§ Source material:
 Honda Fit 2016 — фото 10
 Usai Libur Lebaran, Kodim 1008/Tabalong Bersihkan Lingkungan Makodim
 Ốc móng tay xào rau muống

§ What to work on:
An exact copy of the listing above is needed, so write it out again.

§ Task response:
 Honda Fit 2016 — фото 10
 Usai Libur Lebaran, Kodim 1008/Tabalong Bersihkan Lingkungan Makodim
 Ốc móng tay xào rau muống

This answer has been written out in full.